> _Records contained in a dataset_
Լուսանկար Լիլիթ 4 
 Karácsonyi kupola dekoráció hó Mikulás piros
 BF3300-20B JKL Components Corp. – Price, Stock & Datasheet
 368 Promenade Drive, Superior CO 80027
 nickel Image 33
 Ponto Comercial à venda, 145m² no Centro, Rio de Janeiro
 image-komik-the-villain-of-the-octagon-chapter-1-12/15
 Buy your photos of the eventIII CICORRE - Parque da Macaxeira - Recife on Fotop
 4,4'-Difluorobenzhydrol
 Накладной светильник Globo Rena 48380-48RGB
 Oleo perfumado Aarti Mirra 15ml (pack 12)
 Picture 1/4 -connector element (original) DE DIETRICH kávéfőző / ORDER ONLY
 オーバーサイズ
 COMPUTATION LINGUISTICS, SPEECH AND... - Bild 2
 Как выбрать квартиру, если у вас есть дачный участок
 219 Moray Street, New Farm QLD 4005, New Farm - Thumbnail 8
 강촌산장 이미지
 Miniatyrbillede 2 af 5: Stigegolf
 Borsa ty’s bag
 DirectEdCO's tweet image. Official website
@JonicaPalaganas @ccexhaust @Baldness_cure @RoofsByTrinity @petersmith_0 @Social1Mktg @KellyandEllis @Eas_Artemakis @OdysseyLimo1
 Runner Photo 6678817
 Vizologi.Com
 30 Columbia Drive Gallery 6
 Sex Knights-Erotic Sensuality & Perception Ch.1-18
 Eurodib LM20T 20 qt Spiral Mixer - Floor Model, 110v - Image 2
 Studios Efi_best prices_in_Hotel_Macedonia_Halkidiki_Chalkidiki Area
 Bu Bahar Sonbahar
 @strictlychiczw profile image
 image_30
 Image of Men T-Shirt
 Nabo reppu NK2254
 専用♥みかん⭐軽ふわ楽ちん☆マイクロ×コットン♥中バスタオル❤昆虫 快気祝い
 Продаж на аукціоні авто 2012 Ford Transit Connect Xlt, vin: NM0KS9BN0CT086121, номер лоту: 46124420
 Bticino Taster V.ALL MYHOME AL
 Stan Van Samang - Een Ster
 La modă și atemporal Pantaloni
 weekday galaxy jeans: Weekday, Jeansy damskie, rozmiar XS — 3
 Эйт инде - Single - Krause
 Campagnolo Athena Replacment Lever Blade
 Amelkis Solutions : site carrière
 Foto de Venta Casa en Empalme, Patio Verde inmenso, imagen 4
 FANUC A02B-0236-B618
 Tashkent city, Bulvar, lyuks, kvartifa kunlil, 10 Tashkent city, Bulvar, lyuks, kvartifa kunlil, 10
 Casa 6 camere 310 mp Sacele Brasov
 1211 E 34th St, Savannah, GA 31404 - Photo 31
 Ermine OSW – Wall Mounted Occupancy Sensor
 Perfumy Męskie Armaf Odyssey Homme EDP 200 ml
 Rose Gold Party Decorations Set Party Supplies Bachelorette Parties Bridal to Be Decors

> _TRY IT_
Look above for lines with the word "Casa" and copy them all.

> _EXERCISE RESPONSE_
 Foto de Venta Casa en Empalme, Patio Verde inmenso, imagen 4
 Casa 6 camere 310 mp Sacele Brasov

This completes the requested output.